One thing you will commonly see in my Python Dockerfiles are a set of ENV variables in the base layer. Below is a list of the ENV variables I commonly set in Dockerfiles, and what they do:

Note

In some Dockerfiles, you will see ENV variables declared with an equal sign, and others without. These are equivalent, you can declare/set these variables either way and they will produce the same result. For example, the following 2 ENV variable declarations are equivalent:

PYTHONUNBUFFERED 1

PYTHONUNBUFFERED=1

  • PYTHONDONTWRITEBYTECODE=1
    • Disables creation of .pyc files
      • .pyc files are essentially simplified bytecode versions of your scripts that are created when a specific .py file is executed the first time.
      • Using a Starbucks coffee as an analogy, .pyc files are the instructions/ingredients written like code on the side of your cup that tell the barista what to make. They don't need to know the full recipe, just the ingredients. A .pyc file is the "ingredients" for a .py file, meant to speed up subsequent executions of the same script.
    • We do not want to create these files in a Dockerfile; they would affect subsequent re-builds of the container if the bytecode is cached. We want to execute the .py file as a .py file each time for reproducibility.
  • PYTHONUNBUFFERED=1
    • Tell Python to output stdout and stderr messages directly instead of buffering, ensuring realtime output to the container's sdtdout/stderr
  • PIP_NO_CACHE_DIR=off
    • Tell pip not to cache dependencies. This would affect reproducibility in the container, and also needlessly takes up space.
    • Docker will handle caching pip installs as a Dockerfile layer with buildkit
  • PIP_DISABLE_PIP_VERSION_CHECK=on
    • Suppress warnings about pip being out of date in a container environment. Also for reproducibility.
  • PIP_DEFAULT_TIMEOUT=100
    • Some Docker connections may be slow, and when buildtime isn't a concern, it's helpful to set pip's timeout value to a higher number to give it more time to finish downloading/installing a dependency.

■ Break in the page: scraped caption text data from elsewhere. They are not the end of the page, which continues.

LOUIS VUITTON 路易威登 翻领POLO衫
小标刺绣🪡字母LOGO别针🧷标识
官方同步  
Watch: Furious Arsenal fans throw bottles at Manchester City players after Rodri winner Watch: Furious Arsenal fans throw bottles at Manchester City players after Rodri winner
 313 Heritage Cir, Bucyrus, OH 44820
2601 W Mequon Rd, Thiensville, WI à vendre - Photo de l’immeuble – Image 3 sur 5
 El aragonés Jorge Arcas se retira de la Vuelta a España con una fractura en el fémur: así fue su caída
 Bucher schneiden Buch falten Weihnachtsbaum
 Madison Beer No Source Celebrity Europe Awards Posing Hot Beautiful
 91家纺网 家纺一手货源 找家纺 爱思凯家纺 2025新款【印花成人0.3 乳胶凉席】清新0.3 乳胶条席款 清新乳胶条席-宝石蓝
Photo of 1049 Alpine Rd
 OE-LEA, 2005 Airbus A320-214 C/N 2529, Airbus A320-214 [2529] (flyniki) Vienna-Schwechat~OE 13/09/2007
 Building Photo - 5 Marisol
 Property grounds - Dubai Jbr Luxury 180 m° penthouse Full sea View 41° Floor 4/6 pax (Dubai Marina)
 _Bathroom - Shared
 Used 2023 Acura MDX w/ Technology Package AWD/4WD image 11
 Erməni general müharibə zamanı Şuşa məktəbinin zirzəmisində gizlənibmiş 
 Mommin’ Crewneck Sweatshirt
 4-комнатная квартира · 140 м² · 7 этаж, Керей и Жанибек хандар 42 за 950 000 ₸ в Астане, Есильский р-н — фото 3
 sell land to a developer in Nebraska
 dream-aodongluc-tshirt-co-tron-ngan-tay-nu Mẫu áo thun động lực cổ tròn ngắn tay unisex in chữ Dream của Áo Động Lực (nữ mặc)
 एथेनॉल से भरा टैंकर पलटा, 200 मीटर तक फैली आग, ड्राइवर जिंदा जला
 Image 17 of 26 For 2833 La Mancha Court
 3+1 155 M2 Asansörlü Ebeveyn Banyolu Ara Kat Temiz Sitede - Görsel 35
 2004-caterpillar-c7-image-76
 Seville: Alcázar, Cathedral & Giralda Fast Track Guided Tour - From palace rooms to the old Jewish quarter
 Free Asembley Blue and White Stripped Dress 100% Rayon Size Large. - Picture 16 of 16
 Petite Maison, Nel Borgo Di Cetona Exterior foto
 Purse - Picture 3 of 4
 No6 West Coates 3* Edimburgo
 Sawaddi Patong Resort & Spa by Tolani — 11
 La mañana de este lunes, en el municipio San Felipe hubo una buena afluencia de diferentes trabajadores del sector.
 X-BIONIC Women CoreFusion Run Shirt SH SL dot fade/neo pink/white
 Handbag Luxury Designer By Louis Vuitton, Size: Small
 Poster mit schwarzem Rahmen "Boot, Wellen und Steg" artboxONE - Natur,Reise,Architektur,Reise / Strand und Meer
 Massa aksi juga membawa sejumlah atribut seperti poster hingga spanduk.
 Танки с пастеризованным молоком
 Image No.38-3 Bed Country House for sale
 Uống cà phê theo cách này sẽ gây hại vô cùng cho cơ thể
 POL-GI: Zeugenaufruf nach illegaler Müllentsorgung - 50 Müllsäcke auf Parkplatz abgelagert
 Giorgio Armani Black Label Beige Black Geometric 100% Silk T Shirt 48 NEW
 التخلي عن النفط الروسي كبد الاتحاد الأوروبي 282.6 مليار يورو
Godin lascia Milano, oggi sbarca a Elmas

Simple, single-layer "standard" Python Dockerfile

Use this container for small/simple Python projects, or as a starting point for a multistage build.

Python simple Dockerfile
FROM python:3.11-slim as base

## Set ENV variables to control Python/pip behavior inside container
ENV PYTHONDONTWRITEBYTECODE 1 \
    PYTHONUNBUFFERED 1 \
    ## Pip
    PIP_NO_CACHE_DIR=off \
    PIP_DISABLE_PIP_VERSION_CHECK=on \
    PIP_DEFAULT_TIMEOUT=100

WORKDIR /app

COPY requirements.txt requirements.txt
RUN pip install -r requirements.txt

COPY ./src .

Multistage Python Dockerfile

This Dockerfile is a multi-stage build, which means it uses "layers." These layers are cached by the Docker buildkit, meaning if nothing has changed in a given layer between builds, Docker will speed up the total buildtime by using a cached layer.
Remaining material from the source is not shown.